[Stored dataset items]
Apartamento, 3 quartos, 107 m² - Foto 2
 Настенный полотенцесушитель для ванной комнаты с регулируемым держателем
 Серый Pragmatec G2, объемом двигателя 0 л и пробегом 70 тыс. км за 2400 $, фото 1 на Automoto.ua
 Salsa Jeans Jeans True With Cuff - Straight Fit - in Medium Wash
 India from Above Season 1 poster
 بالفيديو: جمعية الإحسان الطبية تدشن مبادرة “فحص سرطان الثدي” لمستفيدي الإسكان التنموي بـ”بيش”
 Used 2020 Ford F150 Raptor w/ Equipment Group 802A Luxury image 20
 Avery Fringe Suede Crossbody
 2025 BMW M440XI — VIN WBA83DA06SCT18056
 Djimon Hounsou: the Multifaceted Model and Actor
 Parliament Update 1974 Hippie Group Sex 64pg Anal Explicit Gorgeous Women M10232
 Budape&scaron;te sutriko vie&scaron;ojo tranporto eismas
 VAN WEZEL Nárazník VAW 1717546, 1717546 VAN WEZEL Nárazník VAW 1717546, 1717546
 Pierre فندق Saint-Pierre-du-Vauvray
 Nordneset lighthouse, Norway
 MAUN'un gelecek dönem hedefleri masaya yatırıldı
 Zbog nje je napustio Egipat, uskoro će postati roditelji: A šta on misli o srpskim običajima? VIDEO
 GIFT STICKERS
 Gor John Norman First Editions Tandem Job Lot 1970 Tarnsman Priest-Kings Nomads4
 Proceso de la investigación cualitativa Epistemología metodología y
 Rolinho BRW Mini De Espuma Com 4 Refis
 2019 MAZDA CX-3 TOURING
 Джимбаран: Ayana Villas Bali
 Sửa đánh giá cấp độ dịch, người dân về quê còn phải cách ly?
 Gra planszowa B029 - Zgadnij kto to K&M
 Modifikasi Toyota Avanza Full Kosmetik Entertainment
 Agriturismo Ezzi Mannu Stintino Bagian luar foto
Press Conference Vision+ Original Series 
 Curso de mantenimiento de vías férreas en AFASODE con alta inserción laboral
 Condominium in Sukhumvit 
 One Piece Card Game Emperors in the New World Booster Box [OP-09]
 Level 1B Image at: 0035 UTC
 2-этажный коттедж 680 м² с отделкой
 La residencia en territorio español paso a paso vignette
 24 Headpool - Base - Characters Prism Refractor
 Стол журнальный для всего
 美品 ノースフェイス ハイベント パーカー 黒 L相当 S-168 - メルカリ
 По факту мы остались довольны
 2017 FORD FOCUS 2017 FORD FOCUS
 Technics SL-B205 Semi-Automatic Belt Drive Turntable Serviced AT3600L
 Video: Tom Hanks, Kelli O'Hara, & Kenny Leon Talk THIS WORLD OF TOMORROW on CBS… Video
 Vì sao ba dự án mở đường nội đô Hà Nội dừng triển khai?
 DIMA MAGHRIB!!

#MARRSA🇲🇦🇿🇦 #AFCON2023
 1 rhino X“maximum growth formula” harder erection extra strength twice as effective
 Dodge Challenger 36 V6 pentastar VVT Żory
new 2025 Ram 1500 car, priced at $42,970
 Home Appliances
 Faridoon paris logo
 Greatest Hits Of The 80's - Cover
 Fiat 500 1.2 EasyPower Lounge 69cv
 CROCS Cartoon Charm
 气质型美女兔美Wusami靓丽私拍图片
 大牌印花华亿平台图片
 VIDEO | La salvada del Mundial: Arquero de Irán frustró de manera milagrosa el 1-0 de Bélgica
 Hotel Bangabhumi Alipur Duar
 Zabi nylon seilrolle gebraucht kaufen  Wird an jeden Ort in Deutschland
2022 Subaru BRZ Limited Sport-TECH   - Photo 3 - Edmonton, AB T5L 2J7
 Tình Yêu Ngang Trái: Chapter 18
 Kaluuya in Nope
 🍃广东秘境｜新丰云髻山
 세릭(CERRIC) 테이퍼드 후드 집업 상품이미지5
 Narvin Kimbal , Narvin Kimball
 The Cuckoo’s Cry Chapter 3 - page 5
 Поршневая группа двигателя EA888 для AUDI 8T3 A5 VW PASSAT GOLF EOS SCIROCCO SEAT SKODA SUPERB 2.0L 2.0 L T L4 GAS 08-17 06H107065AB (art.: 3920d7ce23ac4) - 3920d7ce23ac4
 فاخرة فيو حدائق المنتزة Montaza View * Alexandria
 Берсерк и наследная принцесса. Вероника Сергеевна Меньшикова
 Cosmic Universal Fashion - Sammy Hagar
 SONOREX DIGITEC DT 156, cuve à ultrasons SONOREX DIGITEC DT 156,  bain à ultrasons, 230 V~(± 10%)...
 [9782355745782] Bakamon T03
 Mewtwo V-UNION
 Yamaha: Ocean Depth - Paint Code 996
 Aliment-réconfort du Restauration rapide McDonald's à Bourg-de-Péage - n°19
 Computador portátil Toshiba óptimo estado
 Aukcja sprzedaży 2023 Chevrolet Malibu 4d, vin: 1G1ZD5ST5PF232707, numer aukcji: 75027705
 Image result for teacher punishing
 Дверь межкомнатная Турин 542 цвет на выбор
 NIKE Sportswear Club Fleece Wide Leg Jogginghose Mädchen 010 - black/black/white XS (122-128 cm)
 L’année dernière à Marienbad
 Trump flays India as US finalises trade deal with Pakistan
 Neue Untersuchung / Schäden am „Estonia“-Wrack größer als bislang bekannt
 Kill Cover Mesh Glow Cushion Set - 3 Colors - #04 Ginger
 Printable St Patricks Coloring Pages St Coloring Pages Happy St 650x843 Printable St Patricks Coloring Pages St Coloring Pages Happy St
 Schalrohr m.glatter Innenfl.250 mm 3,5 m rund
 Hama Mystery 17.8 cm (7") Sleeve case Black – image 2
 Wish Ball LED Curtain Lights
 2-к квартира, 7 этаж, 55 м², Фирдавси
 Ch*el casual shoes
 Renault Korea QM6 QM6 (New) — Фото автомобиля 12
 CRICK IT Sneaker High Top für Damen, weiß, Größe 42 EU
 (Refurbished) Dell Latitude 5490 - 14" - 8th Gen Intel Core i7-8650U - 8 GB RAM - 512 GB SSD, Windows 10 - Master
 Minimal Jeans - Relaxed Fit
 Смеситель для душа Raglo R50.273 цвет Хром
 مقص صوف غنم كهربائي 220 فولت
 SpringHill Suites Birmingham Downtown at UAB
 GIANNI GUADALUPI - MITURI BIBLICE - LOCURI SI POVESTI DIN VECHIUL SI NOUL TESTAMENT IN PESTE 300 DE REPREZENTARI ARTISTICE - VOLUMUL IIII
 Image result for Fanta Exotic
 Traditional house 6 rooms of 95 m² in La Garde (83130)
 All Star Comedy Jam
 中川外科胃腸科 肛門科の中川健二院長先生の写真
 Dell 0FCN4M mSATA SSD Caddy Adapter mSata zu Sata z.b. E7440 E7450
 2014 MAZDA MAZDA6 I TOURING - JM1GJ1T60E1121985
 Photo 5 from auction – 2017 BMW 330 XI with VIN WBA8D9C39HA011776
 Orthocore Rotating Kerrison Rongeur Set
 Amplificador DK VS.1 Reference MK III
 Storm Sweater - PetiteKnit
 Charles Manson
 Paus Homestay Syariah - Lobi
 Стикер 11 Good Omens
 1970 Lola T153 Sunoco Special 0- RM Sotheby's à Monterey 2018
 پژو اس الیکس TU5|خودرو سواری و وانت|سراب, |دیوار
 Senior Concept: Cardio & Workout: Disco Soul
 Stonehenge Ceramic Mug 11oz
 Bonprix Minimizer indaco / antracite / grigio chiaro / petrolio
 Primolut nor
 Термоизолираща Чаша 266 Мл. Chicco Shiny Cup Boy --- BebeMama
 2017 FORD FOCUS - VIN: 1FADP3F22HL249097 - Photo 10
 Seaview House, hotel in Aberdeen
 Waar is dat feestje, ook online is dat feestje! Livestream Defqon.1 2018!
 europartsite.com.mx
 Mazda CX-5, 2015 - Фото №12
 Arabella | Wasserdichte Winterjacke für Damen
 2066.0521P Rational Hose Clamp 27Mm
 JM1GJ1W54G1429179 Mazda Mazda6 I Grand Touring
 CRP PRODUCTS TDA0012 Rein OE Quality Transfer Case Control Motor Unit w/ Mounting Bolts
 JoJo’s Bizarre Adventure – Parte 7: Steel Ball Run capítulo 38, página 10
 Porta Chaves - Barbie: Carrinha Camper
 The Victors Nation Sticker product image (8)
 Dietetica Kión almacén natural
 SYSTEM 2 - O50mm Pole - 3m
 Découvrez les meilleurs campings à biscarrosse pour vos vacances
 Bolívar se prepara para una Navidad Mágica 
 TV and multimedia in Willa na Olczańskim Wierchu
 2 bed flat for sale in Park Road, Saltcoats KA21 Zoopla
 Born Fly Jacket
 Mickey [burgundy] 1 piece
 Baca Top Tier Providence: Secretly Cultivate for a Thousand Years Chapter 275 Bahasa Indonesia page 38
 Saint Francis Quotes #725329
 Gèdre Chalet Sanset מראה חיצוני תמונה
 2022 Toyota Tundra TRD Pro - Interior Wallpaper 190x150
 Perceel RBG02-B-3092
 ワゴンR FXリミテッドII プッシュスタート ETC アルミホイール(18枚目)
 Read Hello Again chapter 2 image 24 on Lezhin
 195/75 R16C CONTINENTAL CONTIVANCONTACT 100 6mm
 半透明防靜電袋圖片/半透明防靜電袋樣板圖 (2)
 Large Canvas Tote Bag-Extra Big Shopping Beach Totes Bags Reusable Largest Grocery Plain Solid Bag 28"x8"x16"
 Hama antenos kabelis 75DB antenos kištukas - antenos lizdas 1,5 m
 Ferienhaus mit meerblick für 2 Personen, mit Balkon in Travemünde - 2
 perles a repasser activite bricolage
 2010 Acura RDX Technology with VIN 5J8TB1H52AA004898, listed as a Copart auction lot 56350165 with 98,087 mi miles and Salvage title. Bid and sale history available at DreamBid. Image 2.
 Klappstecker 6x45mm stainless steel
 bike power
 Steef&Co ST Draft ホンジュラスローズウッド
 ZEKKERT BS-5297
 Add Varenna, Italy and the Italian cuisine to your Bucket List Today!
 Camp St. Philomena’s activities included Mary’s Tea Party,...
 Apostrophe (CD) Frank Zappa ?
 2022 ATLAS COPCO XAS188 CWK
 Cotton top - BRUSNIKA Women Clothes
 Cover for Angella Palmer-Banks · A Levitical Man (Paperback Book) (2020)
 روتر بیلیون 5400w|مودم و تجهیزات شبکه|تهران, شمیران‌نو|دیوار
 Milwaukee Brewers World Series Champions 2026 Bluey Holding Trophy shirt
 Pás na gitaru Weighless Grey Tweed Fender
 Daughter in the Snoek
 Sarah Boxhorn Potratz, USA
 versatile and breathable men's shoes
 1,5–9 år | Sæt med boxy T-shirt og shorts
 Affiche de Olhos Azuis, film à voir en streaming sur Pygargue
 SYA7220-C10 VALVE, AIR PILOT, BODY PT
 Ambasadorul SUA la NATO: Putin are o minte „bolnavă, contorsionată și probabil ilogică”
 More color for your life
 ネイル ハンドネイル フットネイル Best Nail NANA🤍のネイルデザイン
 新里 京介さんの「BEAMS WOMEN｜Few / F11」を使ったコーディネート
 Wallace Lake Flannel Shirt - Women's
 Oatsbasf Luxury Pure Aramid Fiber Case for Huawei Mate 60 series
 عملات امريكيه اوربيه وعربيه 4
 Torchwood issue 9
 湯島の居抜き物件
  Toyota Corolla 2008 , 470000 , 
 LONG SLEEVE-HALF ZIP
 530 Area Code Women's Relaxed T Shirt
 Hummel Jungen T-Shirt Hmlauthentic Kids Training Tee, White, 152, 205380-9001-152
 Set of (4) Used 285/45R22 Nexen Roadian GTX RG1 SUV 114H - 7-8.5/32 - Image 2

**Activity**. Lines from the one containing "Add Varenna, Italy" to the end of the data are to be printed exactly, including the first and last.

**Response to this exercise**.
 Add Varenna, Italy and the Italian cuisine to your Bucket List Today!
 Camp St. Philomena’s activities included Mary’s Tea Party,...
 Apostrophe (CD) Frank Zappa ?
 2022 ATLAS COPCO XAS188 CWK
 Cotton top - BRUSNIKA Women Clothes
 Cover for Angella Palmer-Banks · A Levitical Man (Paperback Book) (2020)
 روتر بیلیون 5400w|مودم و تجهیزات شبکه|تهران, شمیران‌نو|دیوار
 Milwaukee Brewers World Series Champions 2026 Bluey Holding Trophy shirt
 Pás na gitaru Weighless Grey Tweed Fender
 Daughter in the Snoek
 Sarah Boxhorn Potratz, USA
 versatile and breathable men's shoes
 1,5–9 år | Sæt med boxy T-shirt og shorts
 Affiche de Olhos Azuis, film à voir en streaming sur Pygargue
 SYA7220-C10 VALVE, AIR PILOT, BODY PT
 Ambasadorul SUA la NATO: Putin are o minte „bolnavă, contorsionată și probabil ilogică”
 More color for your life
 ネイル ハンドネイル フットネイル Best Nail NANA🤍のネイルデザイン
 新里 京介さんの「BEAMS WOMEN｜Few / F11」を使ったコーディネート
 Wallace Lake Flannel Shirt - Women's
 Oatsbasf Luxury Pure Aramid Fiber Case for Huawei Mate 60 series
 عملات امريكيه اوربيه وعربيه 4
 Torchwood issue 9
 湯島の居抜き物件
  Toyota Corolla 2008 , 470000 , 
 LONG SLEEVE-HALF ZIP
 530 Area Code Women's Relaxed T Shirt
 Hummel Jungen T-Shirt Hmlauthentic Kids Training Tee, White, 152, 205380-9001-152
 Set of (4) Used 285/45R22 Nexen Roadian GTX RG1 SUV 114H - 7-8.5/32 - Image 2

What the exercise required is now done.